Posted By Heather Ette, 01 March 2018

APPG Report : those furthest from the labour market

by Youth Employment UK

Late last year the All Party Parliamentary Group for Youth Employment launched an inquiry into best practice that helps young people furthest from the labour market into employment.

The inquiry received 15 submissions and heard evidence from Mark Pike of Develop EBP, Leanora Volpe of Leonard Cheshire and culminated in young people posing questions to Anne Milton, Minister of State for Skills and Apprenticeships.
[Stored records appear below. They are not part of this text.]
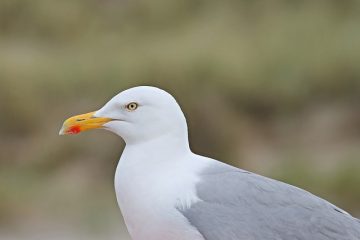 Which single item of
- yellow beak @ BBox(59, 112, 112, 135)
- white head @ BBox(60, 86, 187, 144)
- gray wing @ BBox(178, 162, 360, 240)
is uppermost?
white head @ BBox(60, 86, 187, 144)

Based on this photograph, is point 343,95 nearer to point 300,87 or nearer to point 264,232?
Answer: point 300,87

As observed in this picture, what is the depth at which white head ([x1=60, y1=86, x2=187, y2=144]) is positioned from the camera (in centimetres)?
214

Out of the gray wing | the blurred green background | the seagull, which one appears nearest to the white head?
the seagull

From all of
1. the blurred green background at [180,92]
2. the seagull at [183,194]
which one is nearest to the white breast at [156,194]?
the seagull at [183,194]

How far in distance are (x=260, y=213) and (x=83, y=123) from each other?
1.46 feet

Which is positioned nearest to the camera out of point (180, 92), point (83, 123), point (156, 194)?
point (156, 194)

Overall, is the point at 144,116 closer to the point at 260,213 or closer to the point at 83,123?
the point at 83,123

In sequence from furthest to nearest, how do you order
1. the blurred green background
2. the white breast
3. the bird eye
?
the blurred green background
the bird eye
the white breast

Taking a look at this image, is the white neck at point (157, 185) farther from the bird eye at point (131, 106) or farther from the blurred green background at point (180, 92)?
the blurred green background at point (180, 92)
We are delighted to be able to make the report available today, with a short and full version available to download

Click here to download the short version of the report

Click here to download the long version of the report

THE FINDINGS:

The APPG for Youth Employment has found that:

  • too many young people still face barriers to employment
  • there is also a concerning number of young people ‘hidden’ from the official statistics. These are young people who are NEET (not in education, employment or training) and not claiming welfare support.
  • new policy and funding models can create perverse implications for social mobility
  • young people furthest from the labour market face a number of barriers meaning it can be a struggle to complete programmes with pre-determined markers for achievements

RECOMMENDATIONS:

Based on the evidence heard at the meetings and put forward through the written submissions the APPG for Youth Employment is making the following recommendations to government:

  • Ensure that all young people in education have access to work experience. Information, advice and guidance must be both aspirational and practical and include helping with the 'soft' skills that are so important to securing employment.
  • Ensure that all young people have adequate mental health support and that early intervention models are in place. Young people must be taught how to develop resilience and take care of themselves.
  • A one-size fits all approach does not work. Education, employment and welfare services must begin to recognise the unique potential of each young person and that what works for one does not necessarily work for all.
  • Investment must be put into identifying young people NEET and hidden at a local level. Services and support for these individuals must be holistic, whilst understanding that vital youth services are at risk from funding challenges.
  • Include young people and experienced organisations in the design of national and local approaches to youth employment.
  • Provide financial and information support for employers to work with young people who are furthest from the labour market including better information on Access to Work, recognition of the national employer kite mark – the Talent Match Mark could support this.
  • Better coordination of responsibilities and services across government departments that support young people. This includes the Department for Education, Department for Work and Pensions, Department for Health and Ministry of Justice.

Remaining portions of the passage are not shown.